_Work item_
Below are the records; locate each line with the word "living" and copy it.

━━━ The data ━━━

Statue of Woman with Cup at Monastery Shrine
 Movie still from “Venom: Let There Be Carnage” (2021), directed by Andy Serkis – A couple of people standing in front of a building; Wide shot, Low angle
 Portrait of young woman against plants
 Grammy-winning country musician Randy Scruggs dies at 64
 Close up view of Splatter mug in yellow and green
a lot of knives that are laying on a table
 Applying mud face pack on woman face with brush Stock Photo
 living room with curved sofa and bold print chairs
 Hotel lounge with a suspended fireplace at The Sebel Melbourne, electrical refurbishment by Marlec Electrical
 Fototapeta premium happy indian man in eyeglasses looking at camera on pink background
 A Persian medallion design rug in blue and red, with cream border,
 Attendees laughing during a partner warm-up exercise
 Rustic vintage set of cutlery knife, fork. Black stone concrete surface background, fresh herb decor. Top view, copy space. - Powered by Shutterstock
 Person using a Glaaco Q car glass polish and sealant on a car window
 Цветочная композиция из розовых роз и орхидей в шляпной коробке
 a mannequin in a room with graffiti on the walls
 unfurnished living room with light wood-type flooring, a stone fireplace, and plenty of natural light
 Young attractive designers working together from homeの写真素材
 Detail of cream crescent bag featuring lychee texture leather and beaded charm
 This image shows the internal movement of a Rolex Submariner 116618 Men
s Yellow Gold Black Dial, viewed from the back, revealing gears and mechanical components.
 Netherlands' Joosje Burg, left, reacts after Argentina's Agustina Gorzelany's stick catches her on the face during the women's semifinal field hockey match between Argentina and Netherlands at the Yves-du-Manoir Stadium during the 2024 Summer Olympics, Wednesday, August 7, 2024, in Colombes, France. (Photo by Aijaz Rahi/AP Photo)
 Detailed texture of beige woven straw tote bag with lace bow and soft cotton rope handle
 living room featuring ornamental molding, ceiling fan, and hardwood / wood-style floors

━━━

_Result of the task_
 living room with curved sofa and bold print chairs
 unfurnished living room with light wood-type flooring, a stone fireplace, and plenty of natural light
 living room featuring ornamental molding, ceiling fan, and hardwood / wood-style floors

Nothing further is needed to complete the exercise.